**Exercise requirements:** The data below holds a line containing "PORSCHE 911 Carrera" and a line containing "DalilaSylvia - Make a funny face on camera"; please quote exactly those two lines and every line between them, and nothing else.

*** Recorded information

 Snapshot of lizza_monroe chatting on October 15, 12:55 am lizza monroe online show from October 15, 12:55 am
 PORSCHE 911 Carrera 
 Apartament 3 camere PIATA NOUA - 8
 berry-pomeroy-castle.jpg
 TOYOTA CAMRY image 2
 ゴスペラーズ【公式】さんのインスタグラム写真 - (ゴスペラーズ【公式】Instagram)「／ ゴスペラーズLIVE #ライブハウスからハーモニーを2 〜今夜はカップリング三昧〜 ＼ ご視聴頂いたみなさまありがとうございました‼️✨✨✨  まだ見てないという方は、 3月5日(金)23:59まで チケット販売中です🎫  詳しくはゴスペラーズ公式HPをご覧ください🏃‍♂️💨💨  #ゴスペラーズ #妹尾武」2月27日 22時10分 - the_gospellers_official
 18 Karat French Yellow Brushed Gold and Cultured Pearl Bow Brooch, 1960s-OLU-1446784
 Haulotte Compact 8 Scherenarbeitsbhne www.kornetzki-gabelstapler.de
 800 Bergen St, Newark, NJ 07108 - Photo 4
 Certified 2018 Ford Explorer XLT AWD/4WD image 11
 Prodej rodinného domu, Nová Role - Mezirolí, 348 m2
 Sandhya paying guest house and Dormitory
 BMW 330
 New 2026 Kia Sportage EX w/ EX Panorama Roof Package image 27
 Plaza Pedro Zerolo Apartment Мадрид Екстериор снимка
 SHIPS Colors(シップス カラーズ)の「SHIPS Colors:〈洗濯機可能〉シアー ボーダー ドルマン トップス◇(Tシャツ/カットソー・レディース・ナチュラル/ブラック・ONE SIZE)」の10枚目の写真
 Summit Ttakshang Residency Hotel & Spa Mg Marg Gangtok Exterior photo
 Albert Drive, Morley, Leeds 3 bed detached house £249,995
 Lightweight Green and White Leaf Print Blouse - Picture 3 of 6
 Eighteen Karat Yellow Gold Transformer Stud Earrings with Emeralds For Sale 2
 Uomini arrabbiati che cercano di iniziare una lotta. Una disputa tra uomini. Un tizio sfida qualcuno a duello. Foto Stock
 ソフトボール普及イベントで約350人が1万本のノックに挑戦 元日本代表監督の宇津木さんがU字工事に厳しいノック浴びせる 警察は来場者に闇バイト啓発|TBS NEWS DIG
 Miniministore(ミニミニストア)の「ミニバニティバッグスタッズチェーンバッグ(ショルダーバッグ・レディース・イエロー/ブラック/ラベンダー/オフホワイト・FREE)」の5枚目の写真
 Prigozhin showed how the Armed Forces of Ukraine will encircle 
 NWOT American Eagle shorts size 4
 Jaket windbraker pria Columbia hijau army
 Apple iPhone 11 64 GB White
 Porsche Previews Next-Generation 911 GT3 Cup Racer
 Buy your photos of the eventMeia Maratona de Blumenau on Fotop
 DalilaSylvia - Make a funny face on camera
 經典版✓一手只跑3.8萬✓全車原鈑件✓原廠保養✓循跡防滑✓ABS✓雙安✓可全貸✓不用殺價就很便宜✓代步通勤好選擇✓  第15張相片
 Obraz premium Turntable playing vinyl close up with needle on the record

******

**Written answer:**
 PORSCHE 911 Carrera 
 Apartament 3 camere PIATA NOUA - 8
 berry-pomeroy-castle.jpg
 TOYOTA CAMRY image 2
 ゴスペラーズ【公式】さんのインスタグラム写真 - (ゴスペラーズ【公式】Instagram)「／ ゴスペラーズLIVE #ライブハウスからハーモニーを2 〜今夜はカップリング三昧〜 ＼ ご視聴頂いたみなさまありがとうございました‼️✨✨✨  まだ見てないという方は、 3月5日(金)23:59まで チケット販売中です🎫  詳しくはゴスペラーズ公式HPをご覧ください🏃‍♂️💨💨  #ゴスペラーズ #妹尾武」2月27日 22時10分 - the_gospellers_official
 18 Karat French Yellow Brushed Gold and Cultured Pearl Bow Brooch, 1960s-OLU-1446784
 Haulotte Compact 8 Scherenarbeitsbhne www.kornetzki-gabelstapler.de
 800 Bergen St, Newark, NJ 07108 - Photo 4
 Certified 2018 Ford Explorer XLT AWD/4WD image 11
 Prodej rodinného domu, Nová Role - Mezirolí, 348 m2
 Sandhya paying guest house and Dormitory
 BMW 330
 New 2026 Kia Sportage EX w/ EX Panorama Roof Package image 27
 Plaza Pedro Zerolo Apartment Мадрид Екстериор снимка
 SHIPS Colors(シップス カラーズ)の「SHIPS Colors:〈洗濯機可能〉シアー ボーダー ドルマン トップス◇(Tシャツ/カットソー・レディース・ナチュラル/ブラック・ONE SIZE)」の10枚目の写真
 Summit Ttakshang Residency Hotel & Spa Mg Marg Gangtok Exterior photo
 Albert Drive, Morley, Leeds 3 bed detached house £249,995
 Lightweight Green and White Leaf Print Blouse - Picture 3 of 6
 Eighteen Karat Yellow Gold Transformer Stud Earrings with Emeralds For Sale 2
 Uomini arrabbiati che cercano di iniziare una lotta. Una disputa tra uomini. Un tizio sfida qualcuno a duello. Foto Stock
 ソフトボール普及イベントで約350人が1万本のノックに挑戦 元日本代表監督の宇津木さんがU字工事に厳しいノック浴びせる 警察は来場者に闇バイト啓発|TBS NEWS DIG
 Miniministore(ミニミニストア)の「ミニバニティバッグスタッズチェーンバッグ(ショルダーバッグ・レディース・イエロー/ブラック/ラベンダー/オフホワイト・FREE)」の5枚目の写真
 Prigozhin showed how the Armed Forces of Ukraine will encircle 
 NWOT American Eagle shorts size 4
 Jaket windbraker pria Columbia hijau army
 Apple iPhone 11 64 GB White
 Porsche Previews Next-Generation 911 GT3 Cup Racer
 Buy your photos of the eventMeia Maratona de Blumenau on Fotop
 DalilaSylvia - Make a funny face on camera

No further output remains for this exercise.